# kidding stalls



## countryboy (Dec 7, 2008)

Can ya'll pro's tell me what size ya'lls are? If ya'll had to do it again what size would they be?


----------



## StaceyRosado (Oct 5, 2007)

for minis I have 4foot by 6foot and that is a good size


----------



## countryboy (Dec 7, 2008)

Thank you mam.


----------



## liz (Oct 5, 2007)

Mine are 4x5 , and plenty room for mom and multiples but not so much the kids get "lost"


----------



## Jenna (Jan 7, 2009)

I am not sure but I think mine are 4x6 . The only thing I had a problem with is it was a tight fit to swing the pitch fork out of the stall and into the wheelbarrow, but maybe that is just me.


----------



## capriola-nd (Jul 6, 2008)

We have various sizes at the farm but they are pretty large, one is probably about 6x8 the other is 8x8 and they can both be opened up and let out into a larger stall (when the kids are older) the larger stall is about 10x10.
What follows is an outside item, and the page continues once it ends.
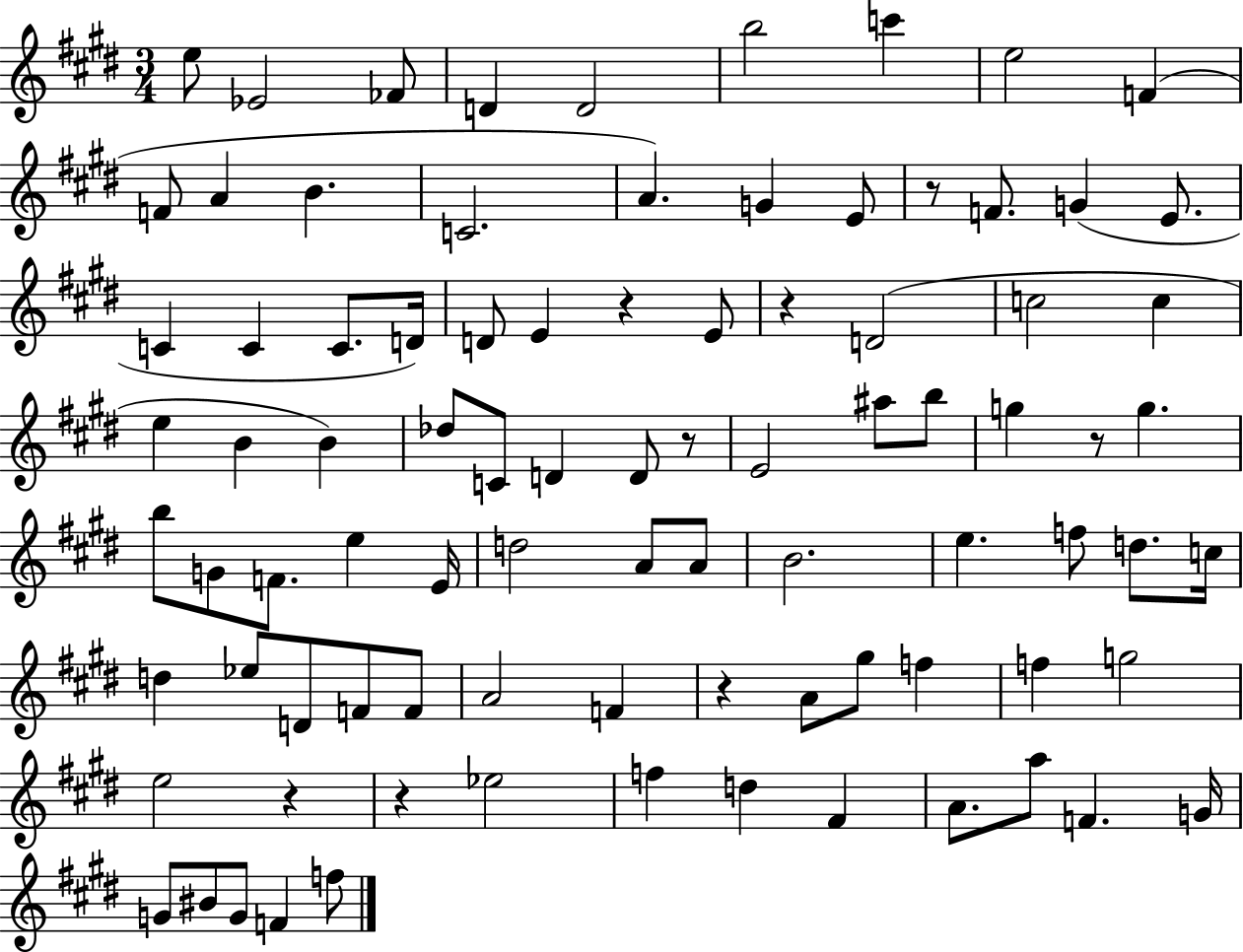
E5/e Eb4/h FES4/e D4/q D4/h B5/h C6/q E5/h F4/q F4/e A4/q B4/q. C4/h. A4/q. G4/q E4/e R/e F4/e. G4/q E4/e. C4/q C4/q C4/e. D4/s D4/e E4/q R/q E4/e R/q D4/h C5/h C5/q E5/q B4/q B4/q Db5/e C4/e D4/q D4/e R/e E4/h A#5/e B5/e G5/q R/e G5/q. B5/e G4/e F4/e. E5/q E4/s D5/h A4/e A4/e B4/h. E5/q. F5/e D5/e. C5/s D5/q Eb5/e D4/e F4/e F4/e A4/h F4/q R/q A4/e G#5/e F5/q F5/q G5/h E5/h R/q R/q Eb5/h F5/q D5/q F#4/q A4/e. A5/e F4/q. G4/s G4/e BIS4/e G4/e F4/q F5/e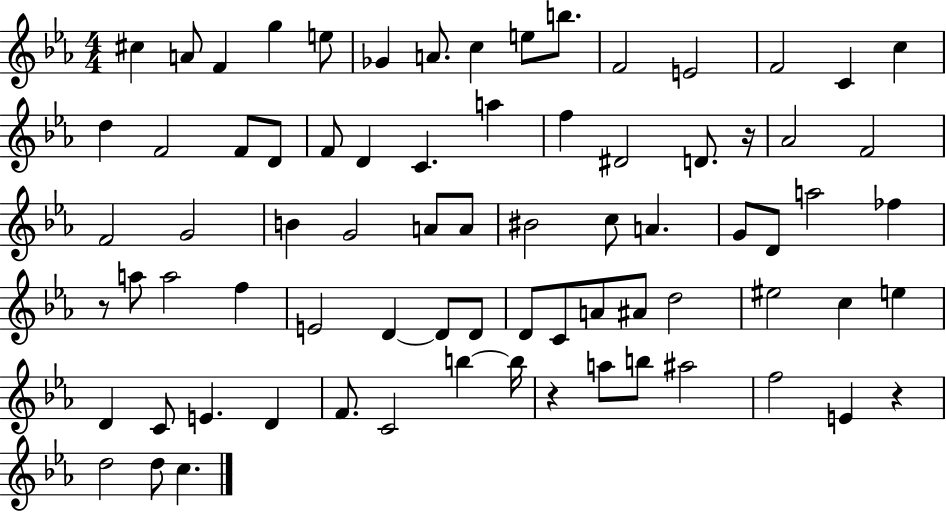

At home (in our "bitty" 8x12 barn) we have stalls that are 4x4. Usually when we have does kidding, they get the whole barn.

I like a 4 or 5x6 stall, that's a good size.


----------



## Steph (May 7, 2009)

Mine is 6'x8' and has plenty of room.


----------



## sweetgoats (Oct 18, 2007)

Mine are about 6 x 6. Some a little larger others a little smaller. 

What kind of goats do you have?


----------